§ **DATASET CONTENT**:
|---|
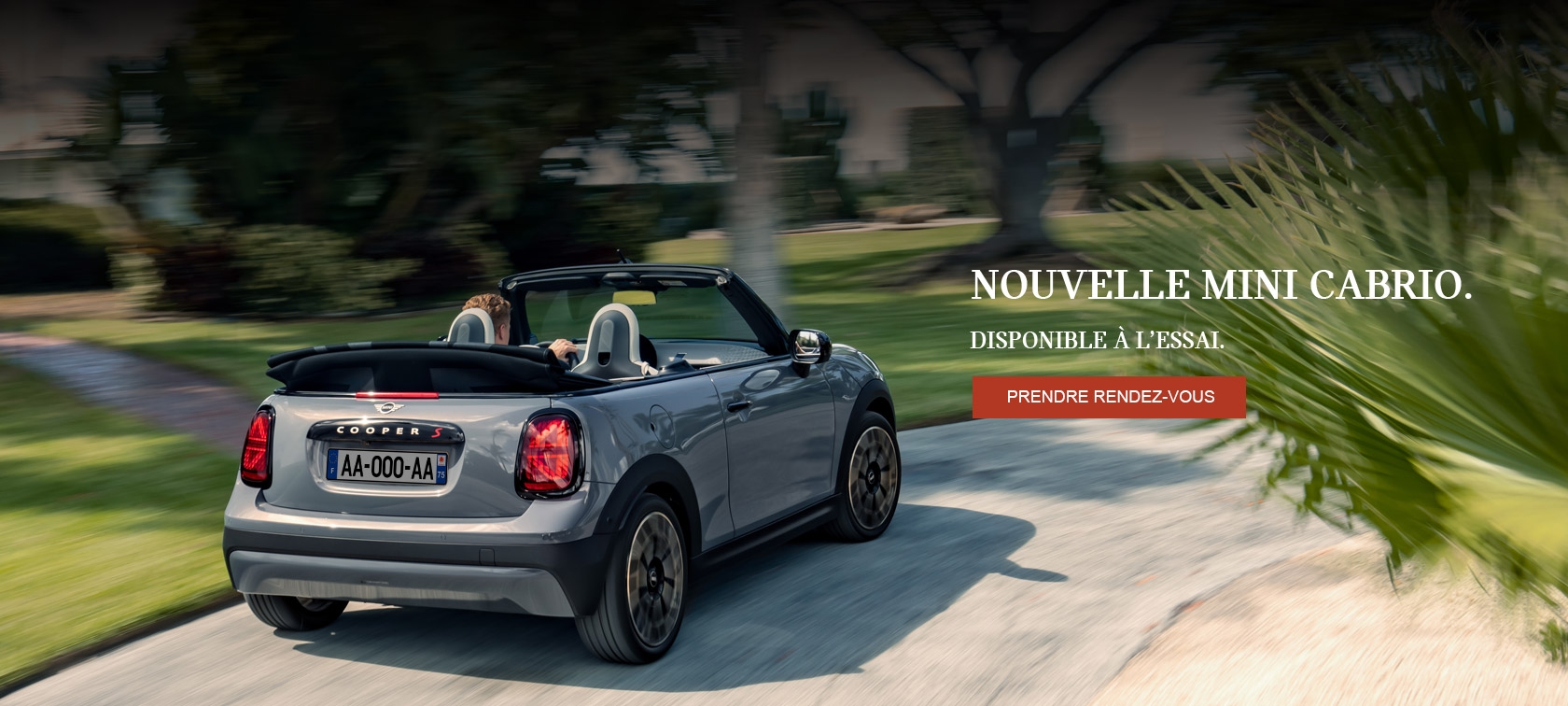 Nouvelle MINI Cabrio, disponible à l'essai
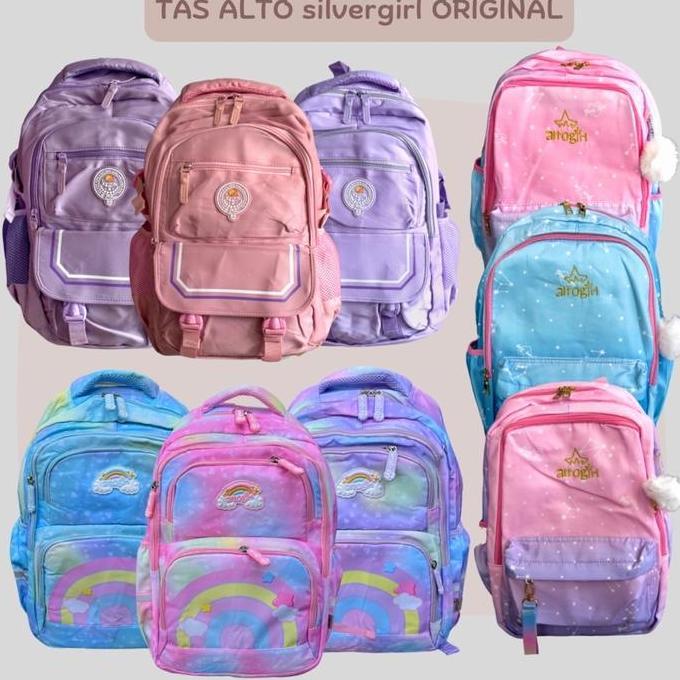 Tas Sekolah Anak Perempuan Merk AltoGirl dan Silver Girl untuk SD SMP SMA Original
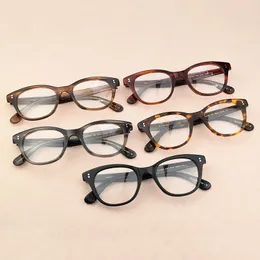 Partihandel-Brand Vintage Glasögon Ram Kvinnor Spectacle Frames Högkvalitativ Retro Yopia Prescription Eyeglass Frames Män OV5408U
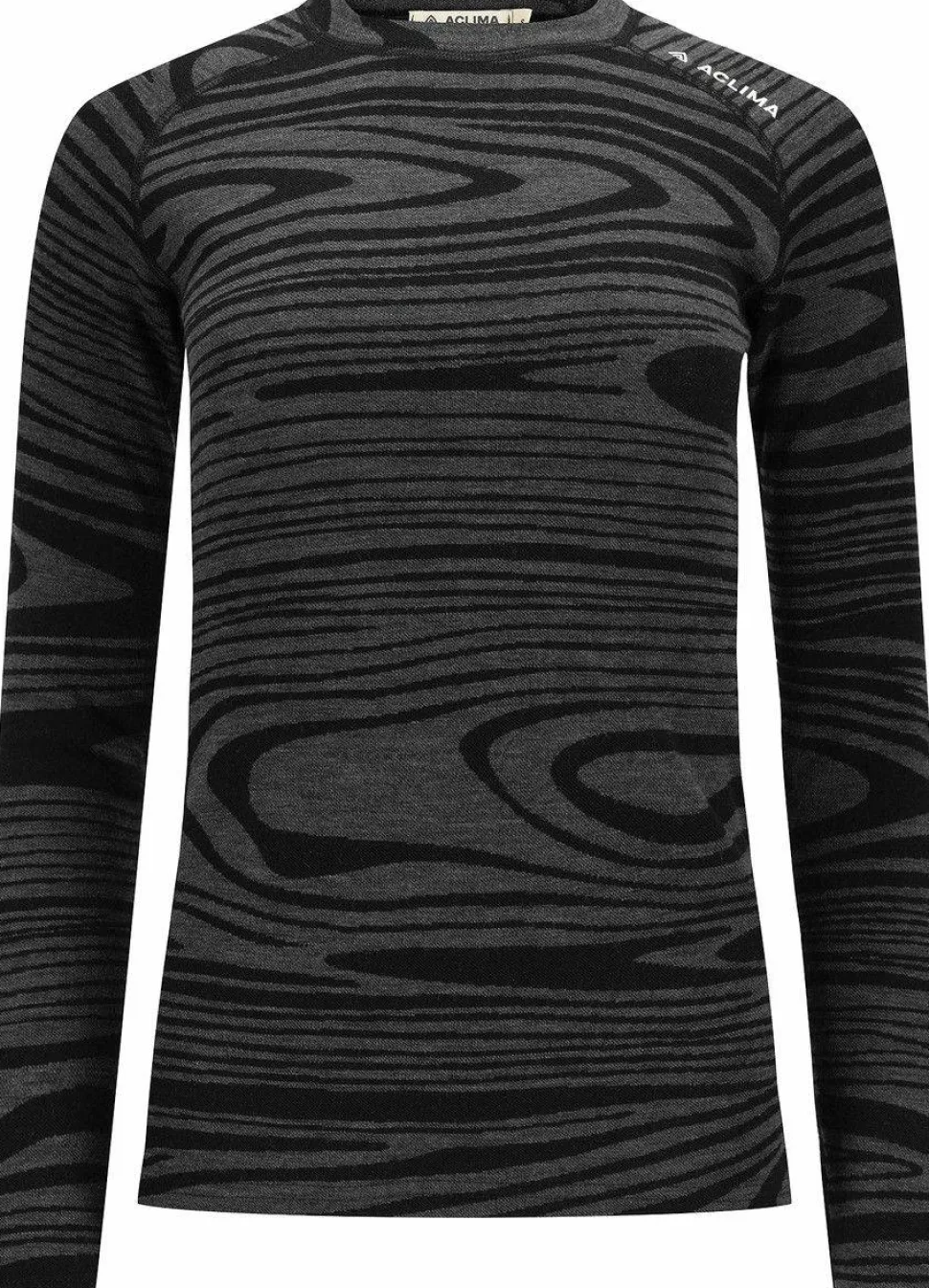 Aclima Women's WarmWool Crewneck Black Motion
|---|
§ **WHAT THE EXERCISE ASKS**:
Everything in the data except the pictures must be transcribed exactly.

§ **ANSWER TO THIS TASK**:
 Nouvelle MINI Cabrio, disponible à l'essai
 Tas Sekolah Anak Perempuan Merk AltoGirl dan Silver Girl untuk SD SMP SMA Original
 Partihandel-Brand Vintage Glasögon Ram Kvinnor Spectacle Frames Högkvalitativ Retro Yopia Prescription Eyeglass Frames Män OV5408U
 Aclima Women's WarmWool Crewneck Black Motion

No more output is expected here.